Earlier this week, the government moved to enforce a ban on exclusivity clauses on zero-hour contracts, which had prevented workers on these contracts from being able to find work elsewhere, Shout 99 reports.
Previously, employers who signed workers up to zero-hours contracts were able to stop their employees from working for another company, even if they were unable to guarantee any hours of work themselves.
These contracts have been contested by a number of groups, from trade unions to the Labour party, who argued that they left zero-hour workers in an impossible position with no guaranteed source of income.
After an extensive public consultation, the Government recently imposed a ban on these controversial clauses as part of a provision in the Small Business, Enterprise and Employment Act.

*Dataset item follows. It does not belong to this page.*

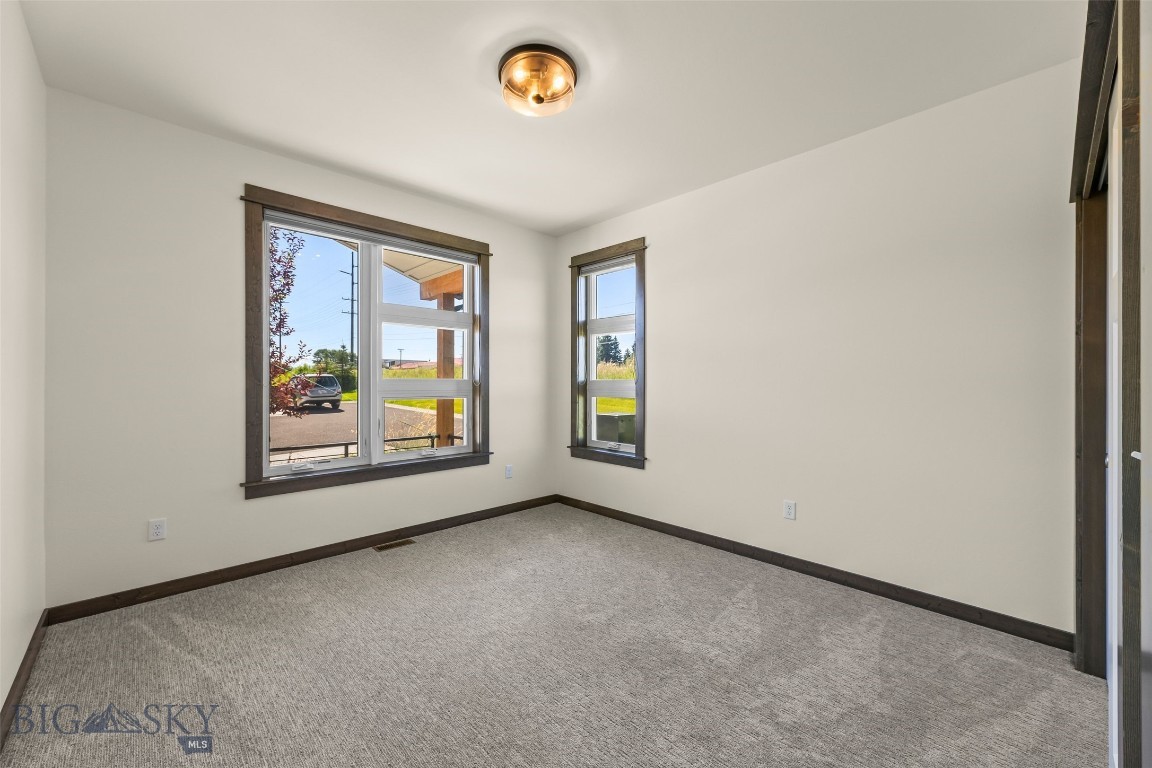 202 Albrey Trail C Property Photo 24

As of 26 May, it is now illegal for an employer to prevent staff on zero-hour contracts from seeking work elsewhere.
Nick Bowles, minister for the Department of Business, Innovation and Skills, said that the decision to ban exclusivity clauses would "give working people the freedom to take other work opportunities and more control over their work hours and income. It brings financial security one step closer for lots of families."
Meanwhile, Neil Carberry - CBI Director for Employment and Skills - called the new legislation "a proportionate response to tackling examples of poor practice."
However, he warned that further regulation "must not damage the UK's flexible labour market," which he argues is "an important success story of our economy, benefiting employers and employees alike".